> INPUT MATERIAL:

——————————

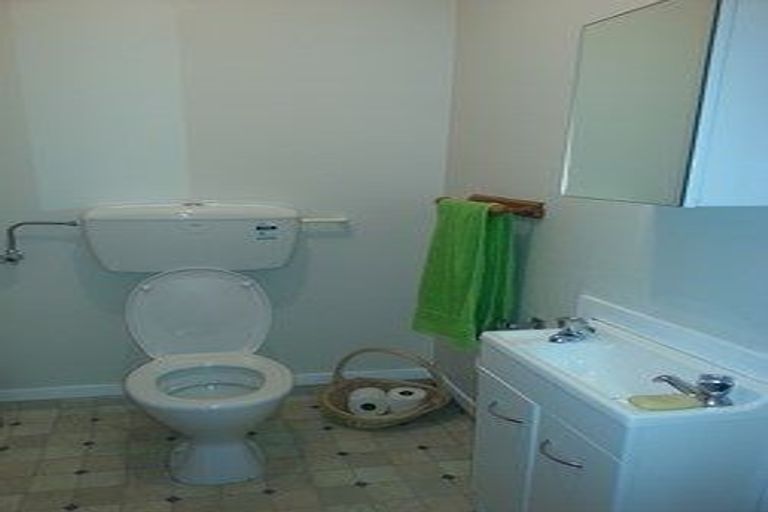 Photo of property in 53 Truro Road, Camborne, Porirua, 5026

——————————

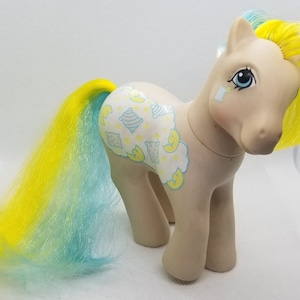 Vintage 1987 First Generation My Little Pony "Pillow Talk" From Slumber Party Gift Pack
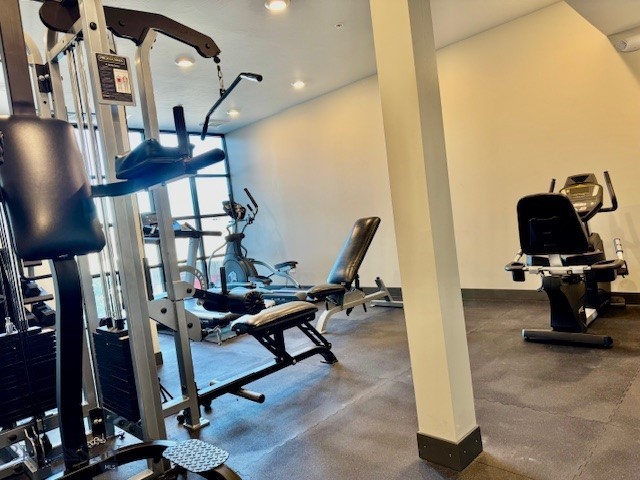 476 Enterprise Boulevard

——————————

Print, exactly and with no pictures, the lines of the listing above starting at the one that has "Vintage 1987 First" and ending at the one that has "476 Enterprise Boulevard", both included.

 Vintage 1987 First Generation My Little Pony "Pillow Talk" From Slumber Party Gift Pack
 476 Enterprise Boulevard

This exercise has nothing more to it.